WHAT IS REQUIRED: Wherever a picture appears, skip it and retype the rest of the data exactly.

DATA EXCERPT:
---------------
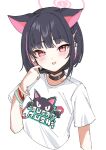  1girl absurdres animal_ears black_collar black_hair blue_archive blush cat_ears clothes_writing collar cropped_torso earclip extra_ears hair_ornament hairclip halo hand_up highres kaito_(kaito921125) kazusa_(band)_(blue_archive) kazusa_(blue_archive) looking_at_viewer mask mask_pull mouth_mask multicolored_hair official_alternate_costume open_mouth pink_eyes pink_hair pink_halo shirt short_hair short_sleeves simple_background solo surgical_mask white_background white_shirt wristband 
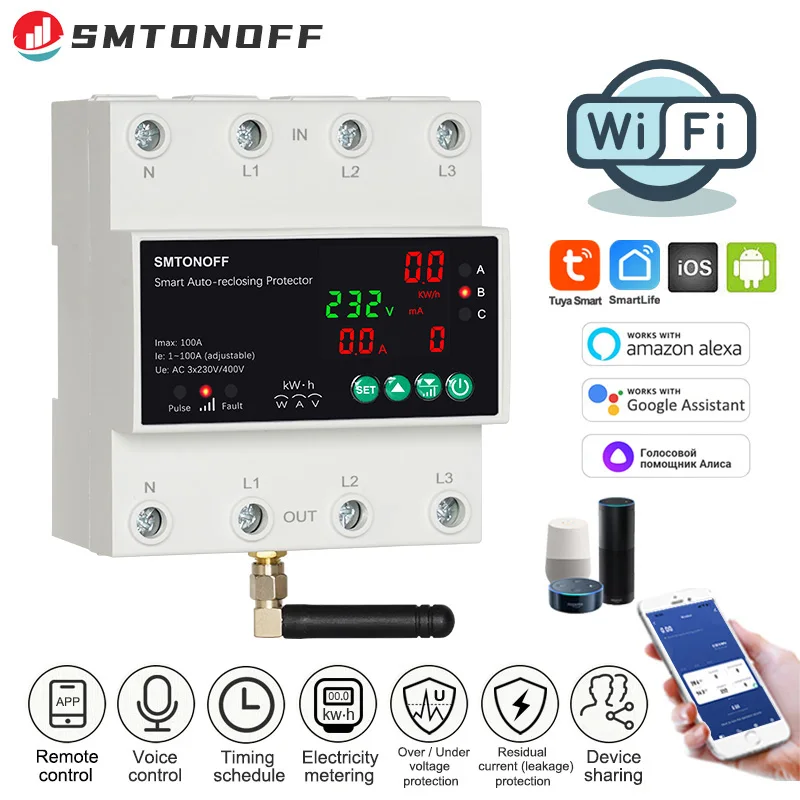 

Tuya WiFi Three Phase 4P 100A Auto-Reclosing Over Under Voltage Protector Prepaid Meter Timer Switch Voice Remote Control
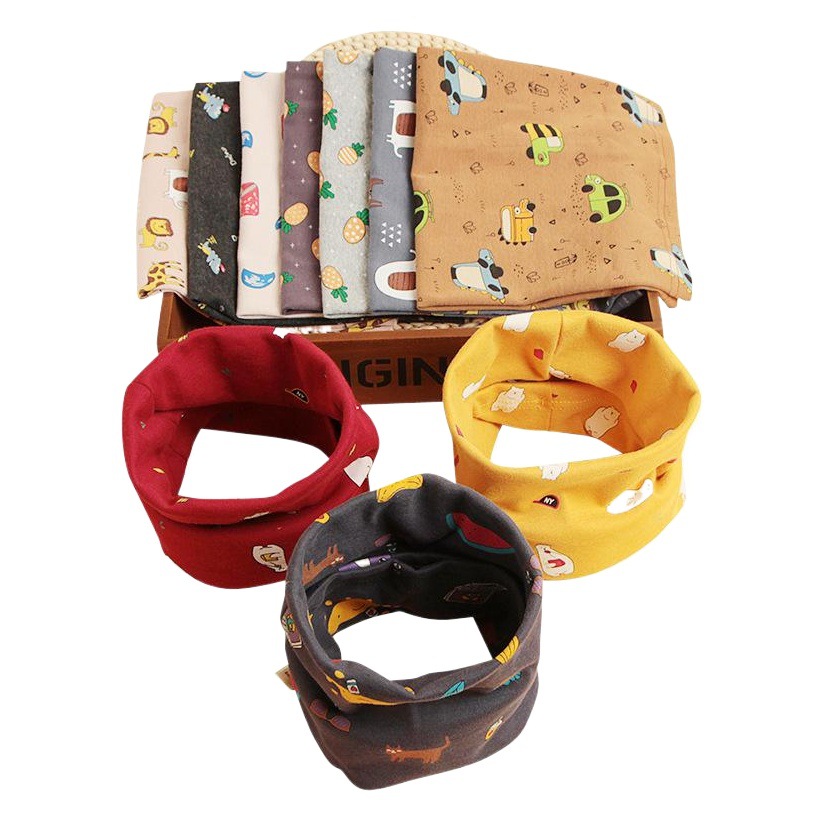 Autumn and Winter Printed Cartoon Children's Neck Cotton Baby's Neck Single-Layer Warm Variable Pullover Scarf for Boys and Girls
---------------
ANSWER SECTION:
  1girl absurdres animal_ears black_collar black_hair blue_archive blush cat_ears clothes_writing collar cropped_torso earclip extra_ears hair_ornament hairclip halo hand_up highres kaito_(kaito921125) kazusa_(band)_(blue_archive) kazusa_(blue_archive) looking_at_viewer mask mask_pull mouth_mask multicolored_hair official_alternate_costume open_mouth pink_eyes pink_hair pink_halo shirt short_hair short_sleeves simple_background solo surgical_mask white_background white_shirt wristband 

Tuya WiFi Three Phase 4P 100A Auto-Reclosing Over Under Voltage Protector Prepaid Meter Timer Switch Voice Remote Control
 Autumn and Winter Printed Cartoon Children's Neck Cotton Baby's Neck Single-Layer Warm Variable Pullover Scarf for Boys and Girls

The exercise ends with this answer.